:: DATASET ::
====

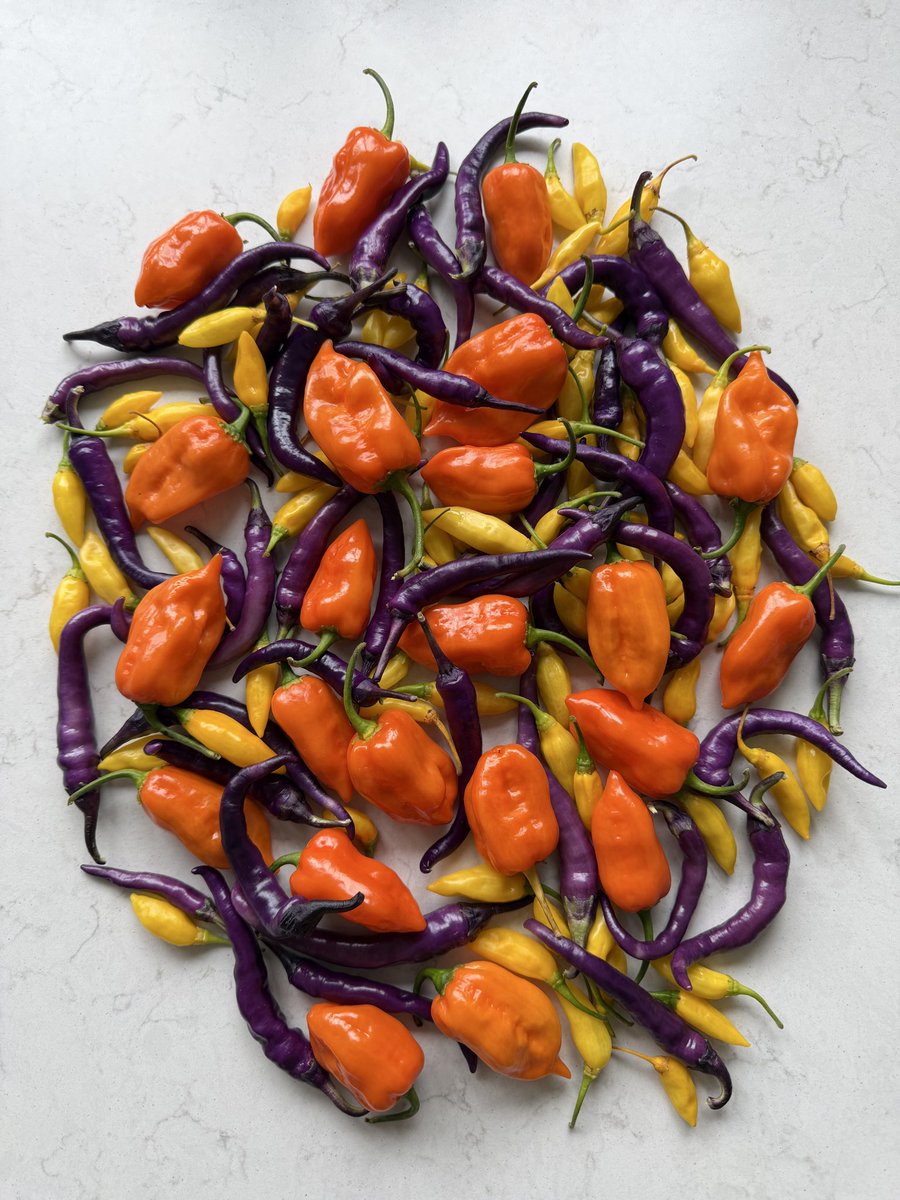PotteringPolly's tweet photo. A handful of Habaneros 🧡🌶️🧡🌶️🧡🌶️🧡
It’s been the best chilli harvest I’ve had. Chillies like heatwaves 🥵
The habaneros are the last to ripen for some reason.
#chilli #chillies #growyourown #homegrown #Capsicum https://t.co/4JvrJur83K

====

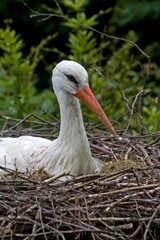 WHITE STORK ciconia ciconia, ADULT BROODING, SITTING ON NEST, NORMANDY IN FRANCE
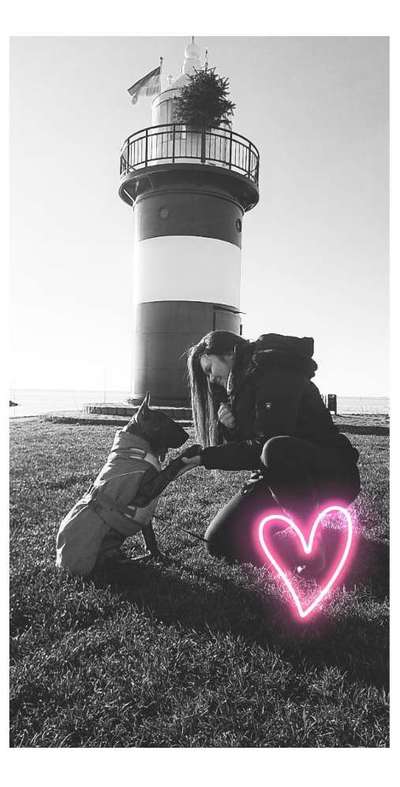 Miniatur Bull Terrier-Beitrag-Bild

====

:: ACTIVITY ::
In the records above, find the line containing "PotteringPolly's tweet photo." and the line containing "#chilli #chillies #growyourown", then give both of them again word for word along with every line between. Omit any pictures.

:: RESULT FOR THIS EXERCISE ::
PotteringPolly's tweet photo. A handful of Habaneros 🧡🌶️🧡🌶️🧡🌶️🧡
It’s been the best chilli harvest I’ve had. Chillies like heatwaves 🥵
The habaneros are the last to ripen for some reason.
#chilli #chillies #growyourown #homegrown #Capsicum https://t.co/4JvrJur83K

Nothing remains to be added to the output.